How to complete this task
Under this line is a listing; return exactly the lines starting at the one with "4 kpl Kamerakiinnitysruuviadapteria" and running down to the one with "Bordado Zeta Phi", and leave out its pictures.

Provided material
----------
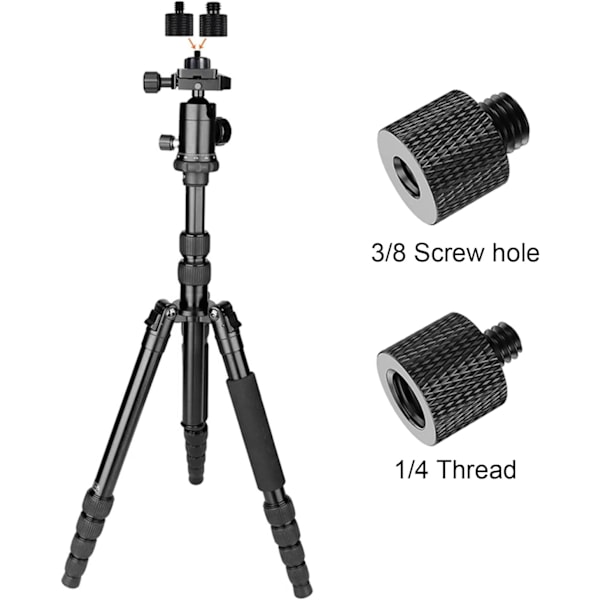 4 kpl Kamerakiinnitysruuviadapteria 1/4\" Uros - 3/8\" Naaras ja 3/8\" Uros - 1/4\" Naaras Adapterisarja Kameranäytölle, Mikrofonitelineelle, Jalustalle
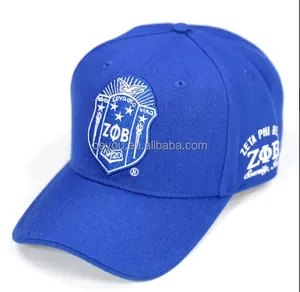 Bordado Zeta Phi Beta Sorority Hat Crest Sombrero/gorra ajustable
----------
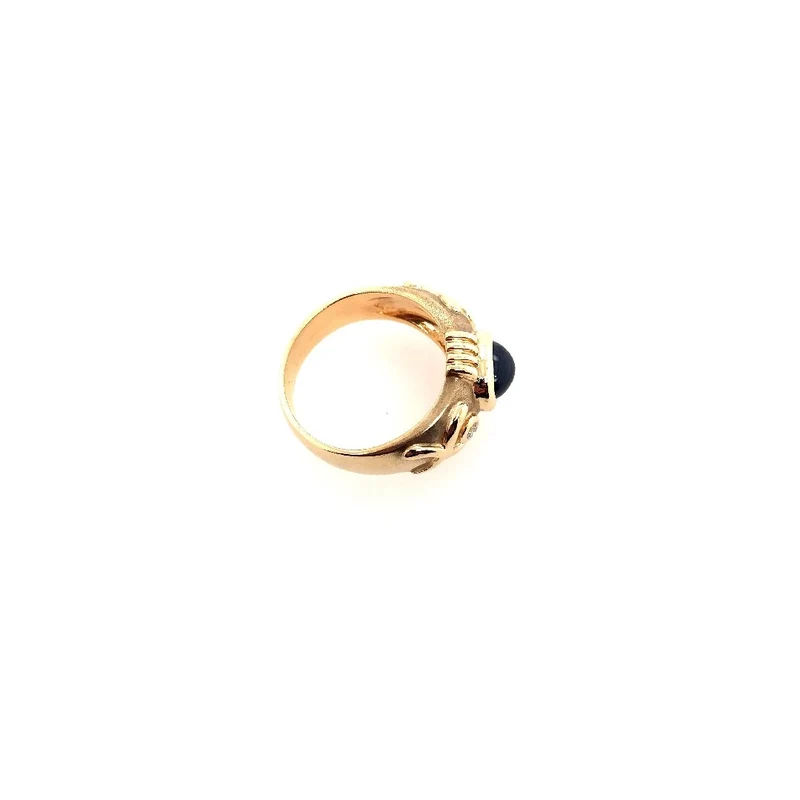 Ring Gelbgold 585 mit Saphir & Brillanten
----------
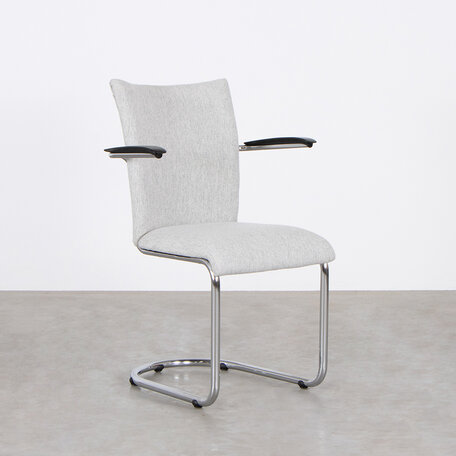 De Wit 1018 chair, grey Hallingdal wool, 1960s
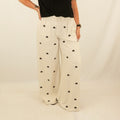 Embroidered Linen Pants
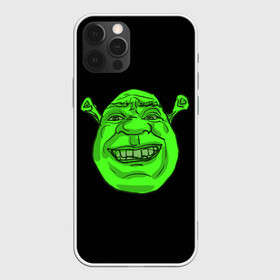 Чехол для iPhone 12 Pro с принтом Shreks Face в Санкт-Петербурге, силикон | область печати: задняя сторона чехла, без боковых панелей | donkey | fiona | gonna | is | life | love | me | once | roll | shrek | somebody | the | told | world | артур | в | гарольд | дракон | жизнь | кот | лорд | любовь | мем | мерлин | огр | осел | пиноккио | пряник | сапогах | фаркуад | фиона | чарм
----------
Answer to this problem
 4 kpl Kamerakiinnitysruuviadapteria 1/4\" Uros - 3/8\" Naaras ja 3/8\" Uros - 1/4\" Naaras Adapterisarja Kameranäytölle, Mikrofonitelineelle, Jalustalle
 Bordado Zeta Phi Beta Sorority Hat Crest Sombrero/gorra ajustable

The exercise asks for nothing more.